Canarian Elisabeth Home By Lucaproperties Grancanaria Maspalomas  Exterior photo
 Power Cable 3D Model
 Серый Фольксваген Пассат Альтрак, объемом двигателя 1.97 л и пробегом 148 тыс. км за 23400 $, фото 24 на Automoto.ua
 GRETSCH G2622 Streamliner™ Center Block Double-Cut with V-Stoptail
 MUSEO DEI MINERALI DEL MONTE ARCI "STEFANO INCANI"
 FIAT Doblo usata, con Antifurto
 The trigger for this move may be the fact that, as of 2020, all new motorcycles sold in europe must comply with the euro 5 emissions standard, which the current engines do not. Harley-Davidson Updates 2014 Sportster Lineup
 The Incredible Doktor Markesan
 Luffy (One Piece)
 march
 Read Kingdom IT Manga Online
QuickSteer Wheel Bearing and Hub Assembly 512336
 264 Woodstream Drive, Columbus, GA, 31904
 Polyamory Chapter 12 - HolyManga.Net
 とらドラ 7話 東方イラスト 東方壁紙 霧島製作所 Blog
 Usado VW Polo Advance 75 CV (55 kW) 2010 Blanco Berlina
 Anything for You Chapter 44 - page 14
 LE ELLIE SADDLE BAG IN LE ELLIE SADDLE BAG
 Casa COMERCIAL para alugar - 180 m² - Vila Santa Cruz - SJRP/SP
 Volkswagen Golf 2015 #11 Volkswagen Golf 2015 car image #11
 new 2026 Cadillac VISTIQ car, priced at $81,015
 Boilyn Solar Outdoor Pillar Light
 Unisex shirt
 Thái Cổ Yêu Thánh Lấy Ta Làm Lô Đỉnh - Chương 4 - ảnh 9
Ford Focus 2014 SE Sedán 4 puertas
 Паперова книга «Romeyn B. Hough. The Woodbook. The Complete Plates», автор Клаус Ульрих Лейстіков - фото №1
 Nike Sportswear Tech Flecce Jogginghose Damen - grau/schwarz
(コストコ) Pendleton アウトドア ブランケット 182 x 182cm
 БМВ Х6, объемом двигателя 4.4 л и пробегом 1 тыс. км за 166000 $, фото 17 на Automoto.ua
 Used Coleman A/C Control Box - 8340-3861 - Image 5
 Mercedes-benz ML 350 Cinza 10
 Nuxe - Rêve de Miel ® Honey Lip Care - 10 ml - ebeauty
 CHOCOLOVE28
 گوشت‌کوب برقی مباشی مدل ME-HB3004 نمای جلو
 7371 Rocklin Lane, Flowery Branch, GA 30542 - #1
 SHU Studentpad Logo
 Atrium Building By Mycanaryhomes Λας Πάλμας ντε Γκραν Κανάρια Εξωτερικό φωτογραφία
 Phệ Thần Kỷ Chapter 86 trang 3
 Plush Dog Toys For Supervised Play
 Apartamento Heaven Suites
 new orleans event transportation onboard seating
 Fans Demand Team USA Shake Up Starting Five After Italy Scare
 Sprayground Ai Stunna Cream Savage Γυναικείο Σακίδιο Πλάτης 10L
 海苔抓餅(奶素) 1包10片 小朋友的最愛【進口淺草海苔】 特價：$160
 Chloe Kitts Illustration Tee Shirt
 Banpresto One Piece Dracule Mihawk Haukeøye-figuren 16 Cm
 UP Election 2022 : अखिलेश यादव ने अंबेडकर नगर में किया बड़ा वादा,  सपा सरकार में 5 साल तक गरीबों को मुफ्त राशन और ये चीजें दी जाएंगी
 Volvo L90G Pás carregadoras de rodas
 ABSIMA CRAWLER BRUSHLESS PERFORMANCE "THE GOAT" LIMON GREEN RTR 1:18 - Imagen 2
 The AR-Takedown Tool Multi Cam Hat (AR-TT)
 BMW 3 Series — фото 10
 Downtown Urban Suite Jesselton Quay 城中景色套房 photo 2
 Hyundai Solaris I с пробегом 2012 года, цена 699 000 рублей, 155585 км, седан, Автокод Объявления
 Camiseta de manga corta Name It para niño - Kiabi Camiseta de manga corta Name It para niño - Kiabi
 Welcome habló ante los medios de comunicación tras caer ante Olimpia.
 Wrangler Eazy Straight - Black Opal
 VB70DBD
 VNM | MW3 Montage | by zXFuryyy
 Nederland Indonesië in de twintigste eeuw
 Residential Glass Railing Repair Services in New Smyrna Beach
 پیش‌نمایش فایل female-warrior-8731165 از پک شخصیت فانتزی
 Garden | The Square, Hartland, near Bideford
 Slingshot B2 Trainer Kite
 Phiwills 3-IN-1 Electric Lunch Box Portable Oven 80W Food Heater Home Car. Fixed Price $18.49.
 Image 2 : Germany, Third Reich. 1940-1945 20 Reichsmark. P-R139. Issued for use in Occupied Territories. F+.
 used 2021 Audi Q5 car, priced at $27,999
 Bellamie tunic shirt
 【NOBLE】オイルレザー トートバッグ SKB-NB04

_____

WORK REQUIRED | Reproduce the listing in full, exactly, so that no line is missing.

EXERCISE RESULT |
Canarian Elisabeth Home By Lucaproperties Grancanaria Maspalomas  Exterior photo
 Power Cable 3D Model
 Серый Фольксваген Пассат Альтрак, объемом двигателя 1.97 л и пробегом 148 тыс. км за 23400 $, фото 24 на Automoto.ua
 GRETSCH G2622 Streamliner™ Center Block Double-Cut with V-Stoptail
 MUSEO DEI MINERALI DEL MONTE ARCI "STEFANO INCANI"
 FIAT Doblo usata, con Antifurto
 The trigger for this move may be the fact that, as of 2020, all new motorcycles sold in europe must comply with the euro 5 emissions standard, which the current engines do not. Harley-Davidson Updates 2014 Sportster Lineup
 The Incredible Doktor Markesan
 Luffy (One Piece)
 march
 Read Kingdom IT Manga Online
QuickSteer Wheel Bearing and Hub Assembly 512336
 264 Woodstream Drive, Columbus, GA, 31904
 Polyamory Chapter 12 - HolyManga.Net
 とらドラ 7話 東方イラスト 東方壁紙 霧島製作所 Blog
 Usado VW Polo Advance 75 CV (55 kW) 2010 Blanco Berlina
 Anything for You Chapter 44 - page 14
 LE ELLIE SADDLE BAG IN LE ELLIE SADDLE BAG
 Casa COMERCIAL para alugar - 180 m² - Vila Santa Cruz - SJRP/SP
 Volkswagen Golf 2015 #11 Volkswagen Golf 2015 car image #11
 new 2026 Cadillac VISTIQ car, priced at $81,015
 Boilyn Solar Outdoor Pillar Light
 Unisex shirt
 Thái Cổ Yêu Thánh Lấy Ta Làm Lô Đỉnh - Chương 4 - ảnh 9
Ford Focus 2014 SE Sedán 4 puertas
 Паперова книга «Romeyn B. Hough. The Woodbook. The Complete Plates», автор Клаус Ульрих Лейстіков - фото №1
 Nike Sportswear Tech Flecce Jogginghose Damen - grau/schwarz
(コストコ) Pendleton アウトドア ブランケット 182 x 182cm
 БМВ Х6, объемом двигателя 4.4 л и пробегом 1 тыс. км за 166000 $, фото 17 на Automoto.ua
 Used Coleman A/C Control Box - 8340-3861 - Image 5
 Mercedes-benz ML 350 Cinza 10
 Nuxe - Rêve de Miel ® Honey Lip Care - 10 ml - ebeauty
 CHOCOLOVE28
 گوشت‌کوب برقی مباشی مدل ME-HB3004 نمای جلو
 7371 Rocklin Lane, Flowery Branch, GA 30542 - #1
 SHU Studentpad Logo
 Atrium Building By Mycanaryhomes Λας Πάλμας ντε Γκραν Κανάρια Εξωτερικό φωτογραφία
 Phệ Thần Kỷ Chapter 86 trang 3
 Plush Dog Toys For Supervised Play
 Apartamento Heaven Suites
 new orleans event transportation onboard seating
 Fans Demand Team USA Shake Up Starting Five After Italy Scare
 Sprayground Ai Stunna Cream Savage Γυναικείο Σακίδιο Πλάτης 10L
 海苔抓餅(奶素) 1包10片 小朋友的最愛【進口淺草海苔】 特價：$160
 Chloe Kitts Illustration Tee Shirt
 Banpresto One Piece Dracule Mihawk Haukeøye-figuren 16 Cm
 UP Election 2022 : अखिलेश यादव ने अंबेडकर नगर में किया बड़ा वादा,  सपा सरकार में 5 साल तक गरीबों को मुफ्त राशन और ये चीजें दी जाएंगी
 Volvo L90G Pás carregadoras de rodas
 ABSIMA CRAWLER BRUSHLESS PERFORMANCE "THE GOAT" LIMON GREEN RTR 1:18 - Imagen 2
 The AR-Takedown Tool Multi Cam Hat (AR-TT)
 BMW 3 Series — фото 10
 Downtown Urban Suite Jesselton Quay 城中景色套房 photo 2
 Hyundai Solaris I с пробегом 2012 года, цена 699 000 рублей, 155585 км, седан, Автокод Объявления
 Camiseta de manga corta Name It para niño - Kiabi Camiseta de manga corta Name It para niño - Kiabi
 Welcome habló ante los medios de comunicación tras caer ante Olimpia.
 Wrangler Eazy Straight - Black Opal
 VB70DBD
 VNM | MW3 Montage | by zXFuryyy
 Nederland Indonesië in de twintigste eeuw
 Residential Glass Railing Repair Services in New Smyrna Beach
 پیش‌نمایش فایل female-warrior-8731165 از پک شخصیت فانتزی
 Garden | The Square, Hartland, near Bideford
 Slingshot B2 Trainer Kite
 Phiwills 3-IN-1 Electric Lunch Box Portable Oven 80W Food Heater Home Car. Fixed Price $18.49.
 Image 2 : Germany, Third Reich. 1940-1945 20 Reichsmark. P-R139. Issued for use in Occupied Territories. F+.
 used 2021 Audi Q5 car, priced at $27,999
 Bellamie tunic shirt
 【NOBLE】オイルレザー トートバッグ SKB-NB04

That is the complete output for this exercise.